The judge condemns the accused and, at the same time, declares him innocent.
- Ricardo Casimiro
- Feb 21
- 2 min read
On a Friday like this, Jesus offers His life for us, and the focus is placed, in a very special way, on the gestures and words of Jesus. Gestures that are expressed in His silence and His goodness, gestures that are made concrete in the way He accepts to die and give His life for each one of us.
After Jesus' solemn entry into Jerusalem, the crowd cries out for His crucifixion. And Jesus dies, gives His life to save us, to redeem us from our sins.
It is easy for us to think that the Jews were the reason for Jesus’ condemnation. However, the truth is that Jesus' condemnation happens because of the paths of our sin, of our spiritual illness, of our disobedience to God.
It is exactly and particularly this disobedience that brings Jesus to trial so that a sentence may be given to Him. And Jesus accepts being condemned to death, He allows Himself to be killed, because He loves us infinitely.
We see that in Jesus, when He is condemned to death, the greatest injustice ever seen in any court in the world occurs. The judge condemns the accused and, at the same time, declares him innocent.
And Jesus accepts that sentence in a state of silence. Not a silence based on the crimes with which He is falsely accused by some members of the old covenant, but a silence accepted and offered to the Father in reparation for our faults, for which He chose to offer Himself completely to redeem us.
I think that, in this way, we can reflect today that, in the case against Jesus, we are all present.

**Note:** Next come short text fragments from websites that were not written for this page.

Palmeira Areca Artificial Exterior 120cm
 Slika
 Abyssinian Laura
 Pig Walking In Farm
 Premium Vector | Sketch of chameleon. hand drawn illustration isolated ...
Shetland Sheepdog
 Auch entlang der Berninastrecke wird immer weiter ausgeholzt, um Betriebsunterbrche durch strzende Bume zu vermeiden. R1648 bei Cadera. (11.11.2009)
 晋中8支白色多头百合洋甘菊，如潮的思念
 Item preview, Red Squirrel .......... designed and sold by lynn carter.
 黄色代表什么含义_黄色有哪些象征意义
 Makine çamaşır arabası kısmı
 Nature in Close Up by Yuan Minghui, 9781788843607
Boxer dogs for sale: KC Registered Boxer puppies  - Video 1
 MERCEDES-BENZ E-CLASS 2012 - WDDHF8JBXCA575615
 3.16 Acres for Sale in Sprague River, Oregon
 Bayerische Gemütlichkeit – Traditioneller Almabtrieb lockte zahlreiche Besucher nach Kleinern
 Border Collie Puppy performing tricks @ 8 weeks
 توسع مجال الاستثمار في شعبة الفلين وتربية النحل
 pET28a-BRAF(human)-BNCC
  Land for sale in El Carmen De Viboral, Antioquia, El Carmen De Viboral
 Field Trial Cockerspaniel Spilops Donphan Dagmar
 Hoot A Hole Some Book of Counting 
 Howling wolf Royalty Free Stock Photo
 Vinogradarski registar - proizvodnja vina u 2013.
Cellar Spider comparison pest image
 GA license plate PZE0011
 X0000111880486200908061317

I remember how, in Braga, Portugal, at the Shrine of Bom Jesus do Monte, after more than 500 baroque stairs on the terrace next to the basilica’s door, there are several statues arranged as a courtroom: those who accuse and those who defend.
However, what I like most is precisely the fact that there, in the center, there is also space for us.
That in the moments when we are carried away by the difficulties of life, we may imitate Our Lord, trust in God who is Love, and respond to Him with the silence of our hearts.
May the "Virgin of the Encounter" on the way to Calvary encourage and strengthen us so that our response may also be a total YES of coherence and adherence to God's will.